Com direito à criação de obra autobiográfica, em 1988 (Tabuleiro de damas), Sabino viveu até 2004, quando um câncer o impediu de completar os 81 anos. Interessante na telona, ainda é a adaptação de O menino no espelho, no qual um jovem roga por um sósia, a fim de apreender vivências em tempo paralelo. O talento do escritor transposto para a tela reuniu nomes de peso como Paulo José e Leila Diniz (O homem nu) e, em Crônica da cidade amada, com participações de Carlos Hugo Christensen e Paulo Autran. "Aspectos de sua escrita e alguns temas recorrentes em suas histórias foram captados pelo cinema. Por exemplo, no filme O grande mentecapto, o cineasta Oswaldo Caldeira mantém o tom pitoresco e a crítica social presentes no livro, destacando uma comédia de absurdos.
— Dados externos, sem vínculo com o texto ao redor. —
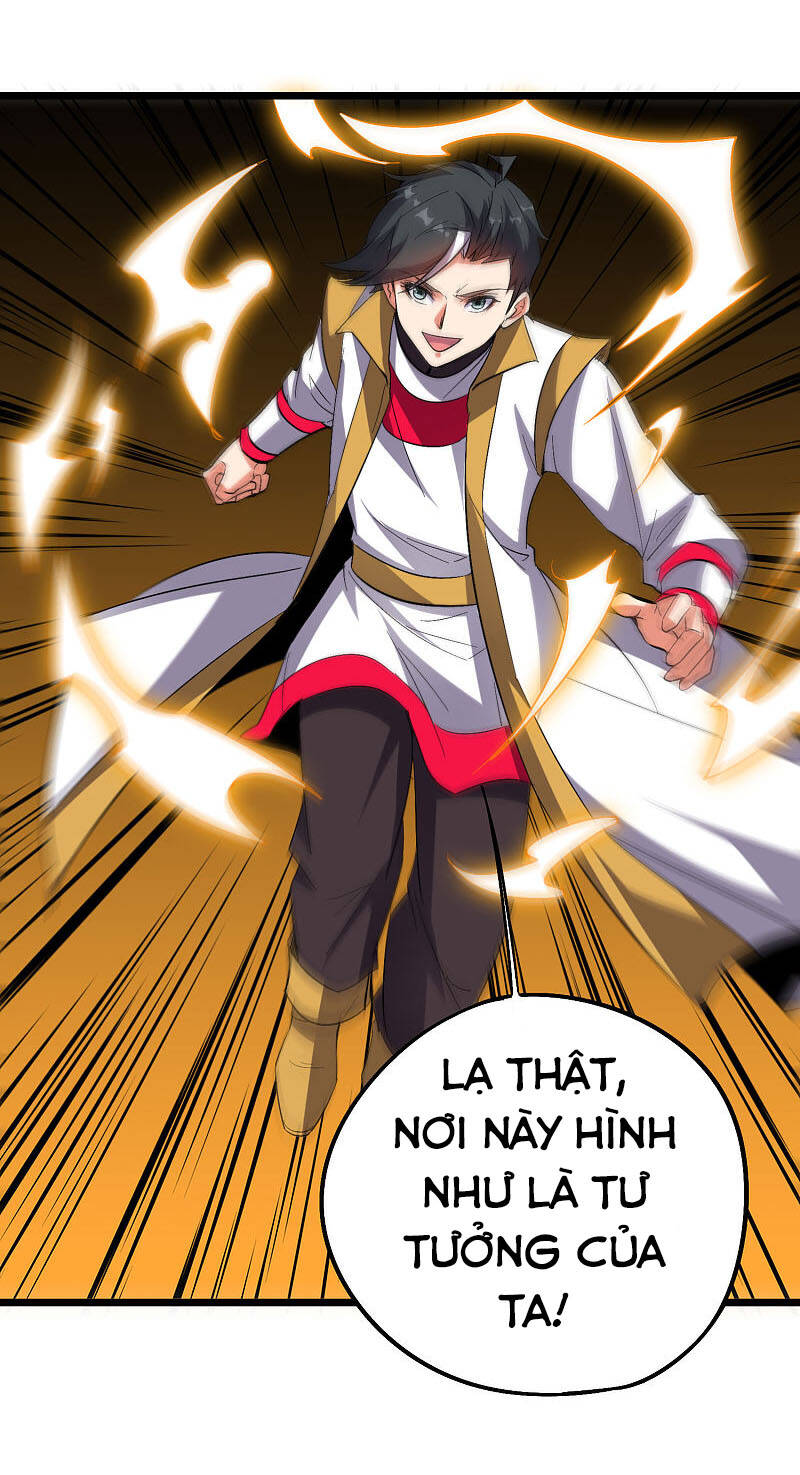 Phục Thiên Thánh Chủ Chapter 113 - Trang 2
Já em O homem nu, a versão do diretor Hugo Carvana (1997) faz uma comédia de costumes que explora situações cotidianas com humor e ironia, características vistas em Sabino. Roberto Santos, noutra versão, traz menos comicidade", avalia Cláudia Queiroz.

Vinicius de Moraes, Jorge Amado, João Cabral de Melo Neto foram alguns dos ilustres cinebiografados pelo olhar de Fernando Sabino, anos depois de ele estabelecer a Editora do Autor, fundada em parceria com Rubem Braga e Walter Acosta. "Segundo o próprio escritor relata no livro Zélia, uma paixão, ele descreve essa experiência (de cinema) como muito enriquecedora, além de desafiadora. Descreveu que dirigir exigia uma dedicação e um tipo de criatividade diferentes da demanda como escritor, mas que a experiência ampliou sua visão sobre narrativas e a arte de contar histórias", conta a curadora da mostra.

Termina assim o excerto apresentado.